The Federal Reserve is scouring the horizon for signs of new bubbles, Chairman Ben Bernanke said today in Chicago during a speech on how the central bank monitors the financial system. “In light of the current low interest rate environment,” he said, “we are watching particularly closely for instances of ‘reaching for yield’ and other forms of excessive risk-taking, which may affect asset prices and their relationships with fundamentals.” (Another interesting highlight: He also said the shadow banking system continues to pose risks.)
Not all bubbles are created equal, however. Inflated asset prices fueled by irrational expectations don’t necessarily pose an existential threat to the financial sector, the chairman noted. The Fed is trying to spot a particular type of bubble. One, for example, that is associated with high levels of leverage and low liquidity, or links that could spread the repercussions of a sudden, sharp drop in prices through the entire system.
More important than spotting the possible triggers of a hypothetical crisis, Bernanke remarked, is identifying the vulnerabilities that could amplify it. The triggers “are the particular events that touch off the crisis—the proximate causes, if you will.” Vulnerabilities, by contrast, are preexisting features that can, say, turn a housing downturn into a financial meltdown. And bubbly asset prices, he said, are triggers.
Focusing on the vulnerabilities makes sense. As Bernanke himself noted, economists have a poor track record on anticipating bubbles. (The New York Times‘ Paul Krugman yesterday reminded everyone that there isn’t even an agreed-upon definition of what a bubble is.) So relying for stability on the Fed’s ability to zero-in on every instance of suspiciously levitating asset prices would be risky indeed.
This “we watch for bubbles but there are caveats” approach echoes Bank of Canada Governor Mark Carney’s remarks last week in Alberta. Essentially, he said the recently expanded duties of central banks as guarantors of financial stability don’t necessarily mean they should go on a bubble-bursting spree.

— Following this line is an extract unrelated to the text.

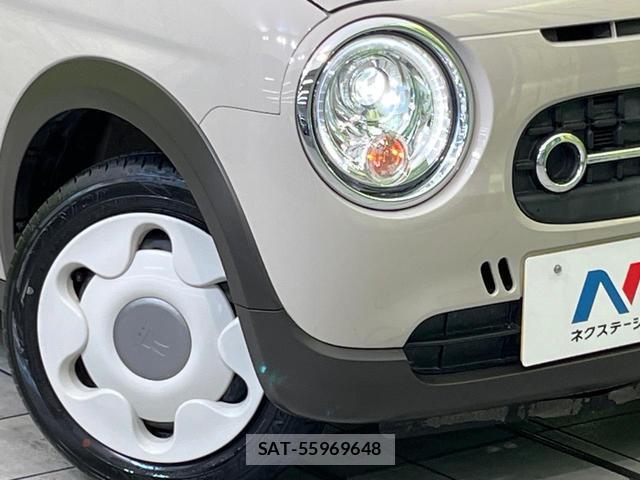 Suzuki LAPIN 2024-01 8812077-12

And interestingly, the governor has long been discussing a caveat that Bernanke did not mention. On Canada’s record-high housing prices, Carney’s position is that monetary policy should be a weapon of last resort. That’s because the bubble (of course he didn’t use that word) affects only one sector of the economy, according to Carney. Much better to leave it to the government to try and gradually let the air out via tighter mortgage regulations than for the Bank of Canada to use the bazooka approach of an interest rate hike, which would reverberate across the entire economy.
We might soon find out whether he’s right. That would likely make Canada the first test of central bankers’ new intuitions.